Here is the kind of method I had in mind.
We have the elliptic curve Kummer sequence
$$0 \to E[n] \to E \to E \to 0,$$
Here I denote by $E[n]$ the $n$-torsion group scheme of $E$. Applying Galois cohomology we obtain
$$0 \to E(\mathbb{Q})/nE(\mathbb{Q}) \to H^1(\mathbb{Q}, E[n]) \to H^1(\mathbb{Q}, E)[n] \to 0.$$
By the Mordell-Weil theorem, the group $E(\mathbb{Q})/nE(\mathbb{Q})$ is finite (its cardinality grows roughly like $n^{\mathrm{rank}(E)}$).
Thus it suffices to show that $H^1(\mathbb{Q}, E[n])$ is infinite. I think that this should be some general property of Galois cohomology for non-trivial finite abelian group schemes over number fields, which probably you already know about.

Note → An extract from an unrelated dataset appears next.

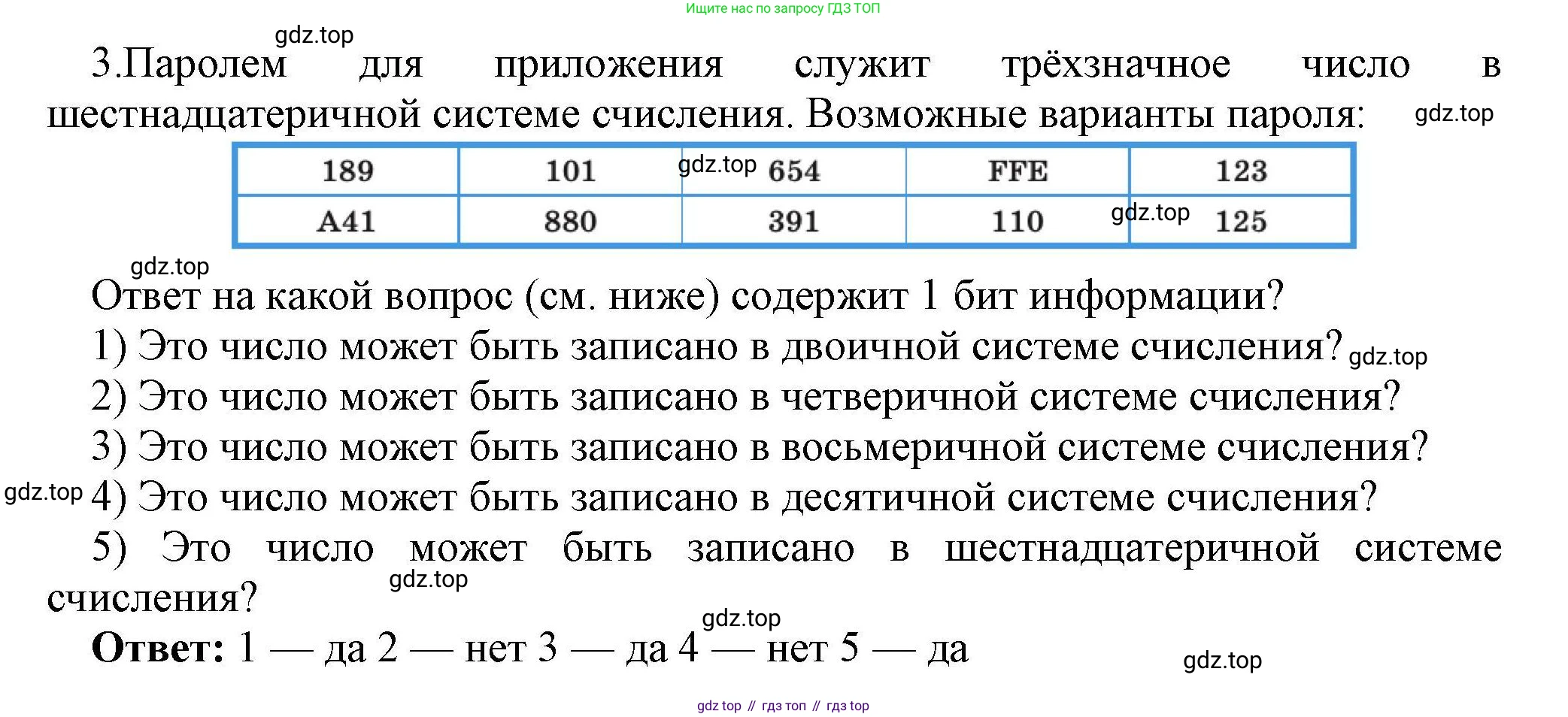 Информатика, 10 класс Учебник, авторы: Босова Людмила Леонидовна, Босова Анна Юрьевна, издательство Просвещение, Москва, 2021, страница 28, номер 3, Решение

Anyway, the argument should go as follows: Choose a splitting field $k/\mathbb{Q}$ for $E[n]$. We then apply inflation-restriction to obtain
$$0 \to H^1(\mathrm{Gal}(k/\mathbb{Q}), E[n]) \to H^1(\mathbb{Q}, E[n]) \to H^1(k, (\mathbb{Z}/n\mathbb{Z})^2)^{\mathrm{Gal}(k/\mathbb{Q})} \to H^2(\mathrm{Gal}(k/\mathbb{Q}), E[n]).$$
The first and the latter group are finite. The group $H^1(k, (\mathbb{Z}/n\mathbb{Z})^2)$ is clearly infinite, and I think that it is still infinite after taking Galois invariants. Though this last step is the part I did not fully check. Is it clear to you?